Special Feature

By the Numbers: Time’s Person of the Year

Pope Francis is Time’s Person of the Year for 2013. How many other non-Americans have been honored?

Pope Francis I, Time Magazine's 2013 "Person of the Year"

Takeaways


Time Magazine announced that Pope Francis I, who was elected in March to succeed Pope Benedict XVI, is its “Person of the Year” for 2013. This is the 87th year that the American magazine has honored a person — or, in some years, a group or a thing — as the year’s biggest newsmaker.

Here is a breakdown of the honorees of Time’s “Person of the Year” since 1927:

Time’s year-end issue typically honors an individual as its “Person of the Year,” identifying one person who can reasonably be said to be the year’s biggest newsmaker.

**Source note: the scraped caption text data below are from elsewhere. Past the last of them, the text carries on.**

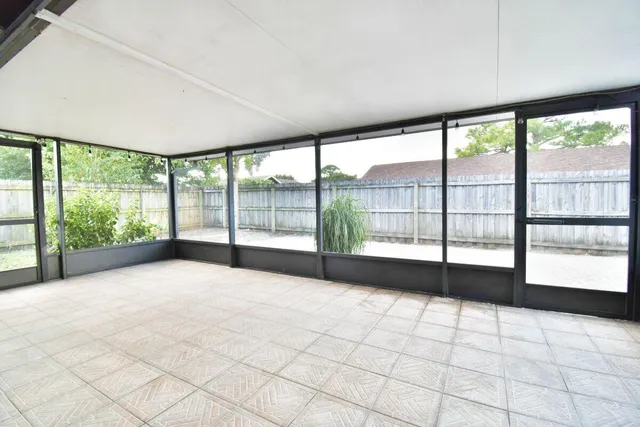 a view of an empty room with a large window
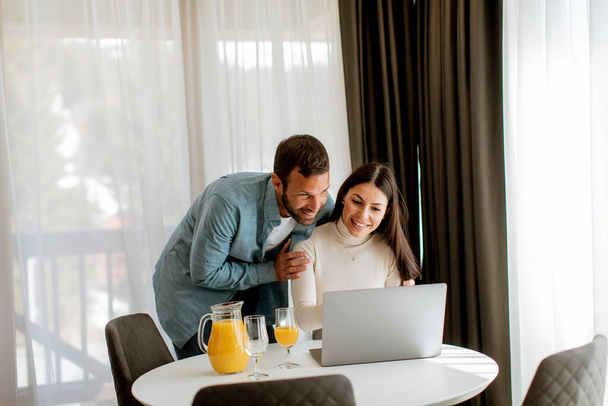 Молода пара використовує ноутбук на столі у вітальні і п'є апельсиновий сік
 - Фото, зображення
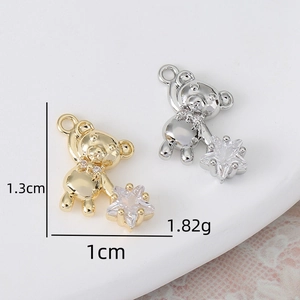 Pendentif ours en cuivre avec étoile en zircone cubique, finitions or et argent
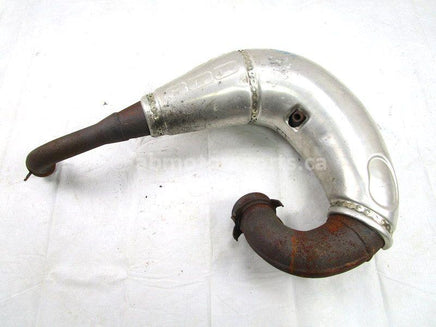 A used Tuned Pipe from a 2010 M8 SNO PRO Arctic Cat OEM Part # 1712-563 for sale. Arctic Cat snowmobile parts? Our online catalog has parts to fit your unit!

In 1982 and again in 1988, it departed quite radically from this convention. In 1982, it chose “the computer” as its “Machine of the Year.” This was the time of the Commodore 64, the Apple II and MS-DOS. Windows and the Mac were still a few years away, and personal computers had not yet become a fixture in every home and office, but the transition had begun.

In 1988, Time chose “the endangered earth” as its “Planet of the Year.” The issue highlighted the concerns of a young U.S. Senator from Tennessee (Al Gore would win the Nobel Peace Prize for his environmental advocacy in 2007), warned of threats to biodiversity and the ozone layer, and noted that “greenhouse gases could create a climatic calamity.”

 

Time’s first three honorees were Americans: explorer Charles Lindbergh in 1927, businessman Walter Chrysler in 1928, and Owen D. Young, a diplomat who worked to reduce the burden of Germany’s war reparations, in 1929.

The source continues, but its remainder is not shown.